A. Basis of preparation

1. These financial statement have been prepared and presented under the historical cost convention on the accrual basis of accounting, unless otherwise stated and comply with generally accepted accounting principles, statutory requirements, the Accounting Standards (AS) issued by the Institute of Chartered Accountants of India (ICAI) to the extent applicable and current practice prevailing.

B. Use of Estimates

The preparation of the financial statements, in conformity with generally accepted accounting principles, requires management to make estimates and assumptions that affect the reported amounts of Assets and Liabilities , revenues and expenses and disclosure of Contingent Liabilities at the date of the financial statements. Actual result could differ from those estimates. Management believes that the estimates used in the preparation of the financial statements are prudent and reasonable. Any revision to the accounting estimates is recognized prospectively in the current and future period.

C. Fixed Assets / Capital work-in-progress/ Intangible assets

Fixed assets are stated at actual cost, which comprises of purchase consideration and other directly attributable costs for bringing the assets to its working condition for the intended use. Direct Costs are Capitalized until fixed assets are ready for use. Capital work-in-progress comprises of the cost of fixed assets that are not yet ready for their intended use at the reporting date. Intangible assets are recorded at the consideration paid for acquisition of such assets and are carried at cost less accumulated amortization and impairment.

D. Depreciation and Amortization

Depreciation has been provided on written down value as per rates of depreciation prescribed as per schedule II of the Company Act, 2013 except plant & machinery and electrical installation which is provided on straight line method.

E. Investments

Investment that are readily realizable and intended to be held for not more than a year are classified as current investments. All other investments are classified as long term investments. Current investments are carried at lower of cost and fair value determined on an individual basis. Long term investments are carried at cost. However provision for diminution in the value is made to recognize a decline other than temporary in the value of investments.

F. Revenue Recognition

1. Revenue is recognized to the extent that it is probable that the economic benefits will flow to the Company and the revenue can be reliably measured.

2. Revenue is recognized when the significant risks and rewards of ownership of the goods have passed to the buyer.

3. The Company follows the Accrual System of accounting and recognizes income and expenditure on accrual basis.

G. Inventory

Inventories are valued at cost or net realisable value whichever is lower.

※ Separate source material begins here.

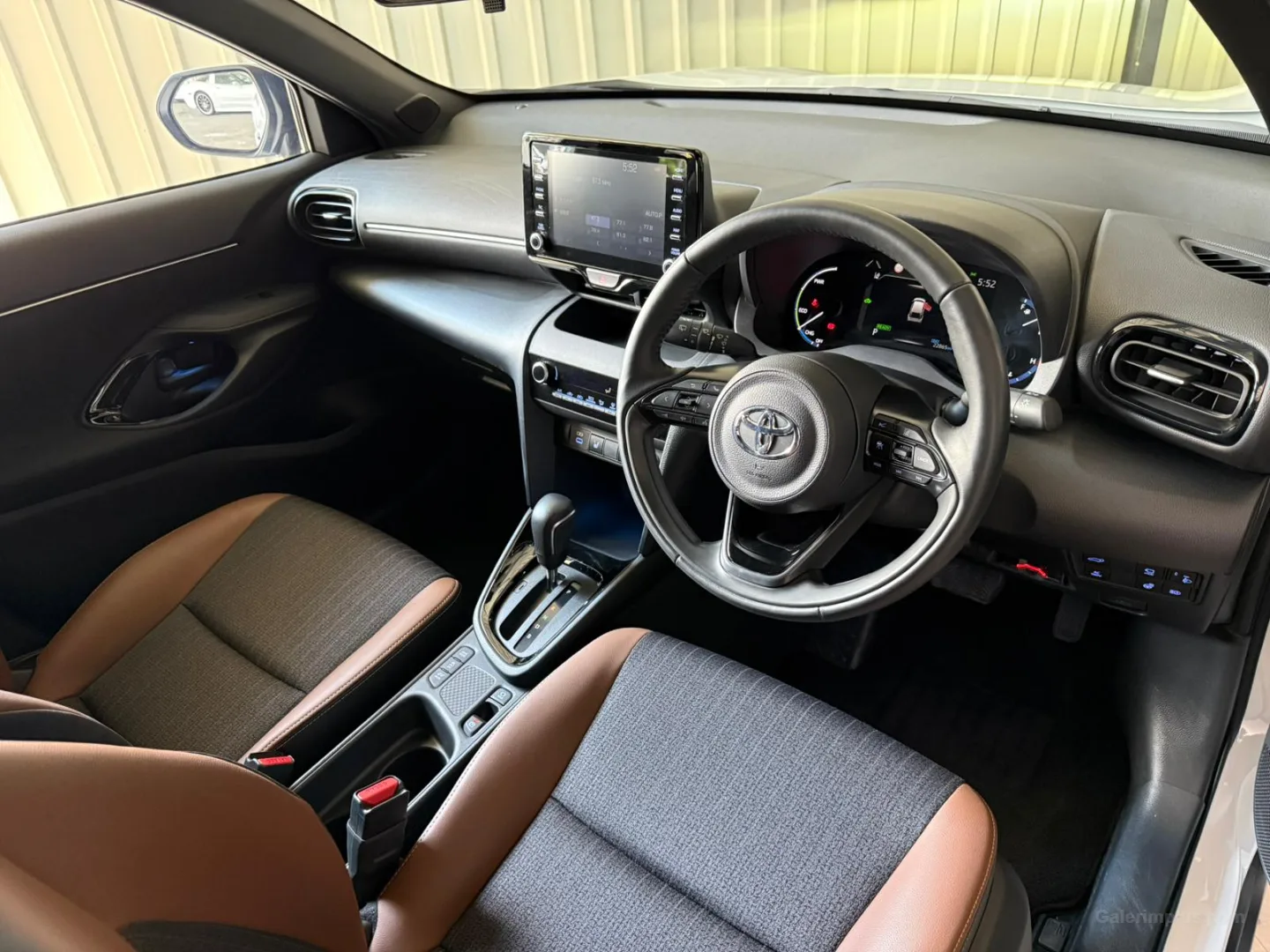 Toyota Yaris Cross 2024 Satılık İkinci El - Thumbnail 8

Cost of inventories comprises all costs of purchase, conversion and other costs incurred in bringing the inventories to their present location and condition.

H. Taxation

I. Current Income tax on income for the current period is determined on the basis of taxable income and tax credit computed in accordance with the provisions of the Income Tax Act 1961, and based on expected outcome of assessment /appeals.

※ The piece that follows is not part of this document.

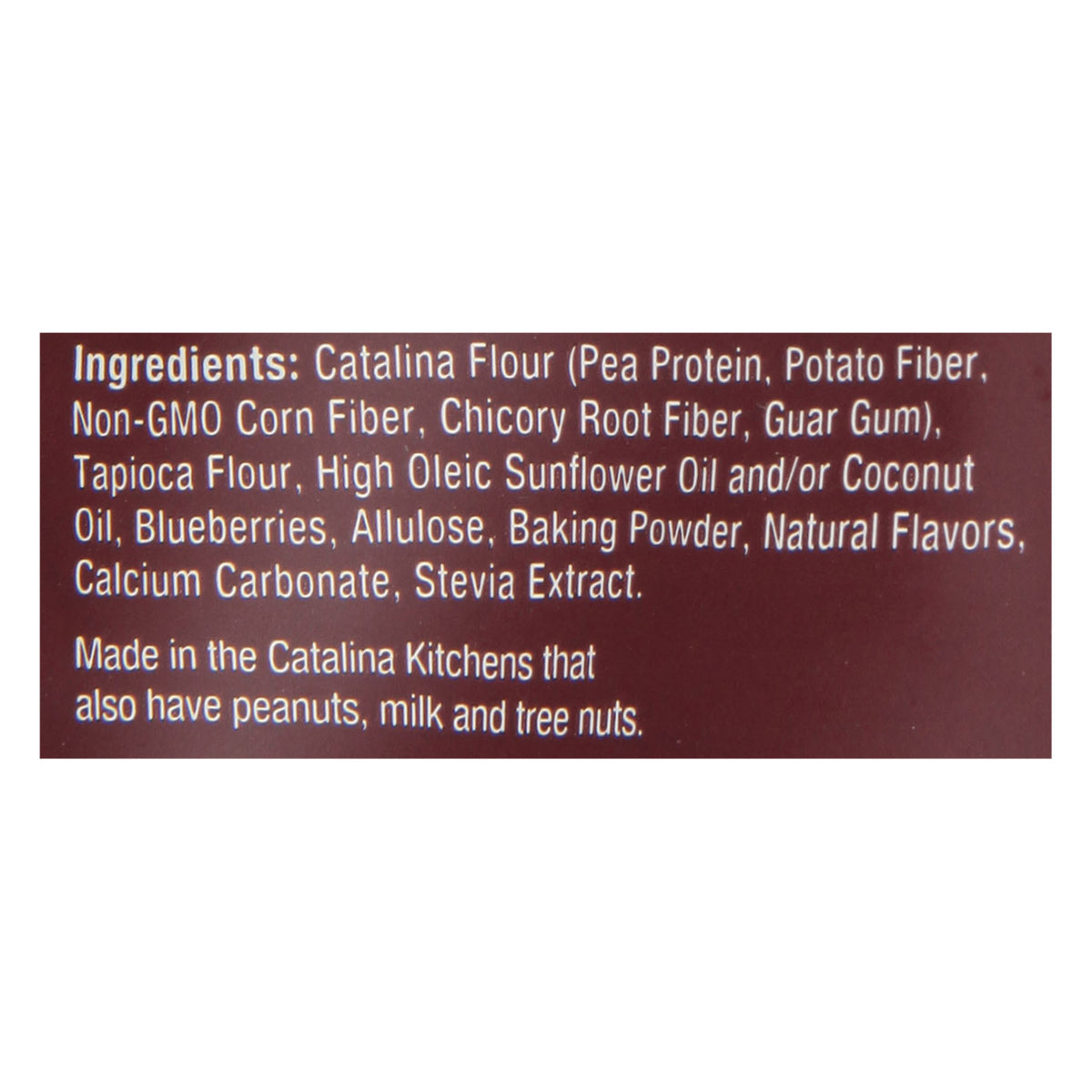 Catalina Crunch - Cereal Blueberry Muffin - CS of 6-8 OZ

2. Deferred Tax is recognized subject to the consideration of prudence on the timing difference, being the difference between the taxable income and accounting income that originate in one period and are capable of reversal of one or more subsequent periods.

I. Employee Benefits

a) Short Term Employees Benefits

Short Term Employees Benefits are recognised as an expense at the undiscounted amount in the Profit and Loss Account of the period in which the related services are rendered.

b) Post Employment Benefits

i) Provident Fund - Defined Contribution Plan

The Company contributes monthly at a determined rate. These contributions are remitted to the Employees' Provident Fund Organisation, India for this purpose and is charged to Profit and Loss Account on accrual basis.

ii) Gratuity - Defined Benefit Plan

The Company provides for gratuity to all the eligible employees. The benefit is in the form of lump sum payments to vested employees on retirement, on death while in employment, or termination of employment for an amount equivalent to 15 days salary payable for each completed year of service.

Vesting occurs on the completion of five years of service. Liability in respect of gratuity is determined using the projected unit credit method with actuarial valuations as on the Balance Sheet date and gains/losses are recognised immediately in the Profit and Loss Account.

iii) Leave Encashment

Liability in respect of leave encashment is determined using the projected unit credit method with actuarial valuations as on the Balance Sheet date and gains/losses are recognised immediately in the Profit and Loss Account.

J . Foreign Currency Transaction

1. Transaction denominated in foreign currency if any, are recorded at the exchange rate prevailing on the date of transactions. Exchange difference arising on foreign exchange transactions settled during the year, if any, are recognized in the Profit and Loss account of the year except that exchange difference related to acquisition of fixed assets from a country outside India are adjusted in the carrying amount of the related Fixed Assets.

2. Monetary assets and liabilities in foreign currency, if any , are translated at the year end at the closing exchange rate and the resultant exchange differences are recognized in the Profit and Loss Account. Non-monetary foreign currency items are carried at cost.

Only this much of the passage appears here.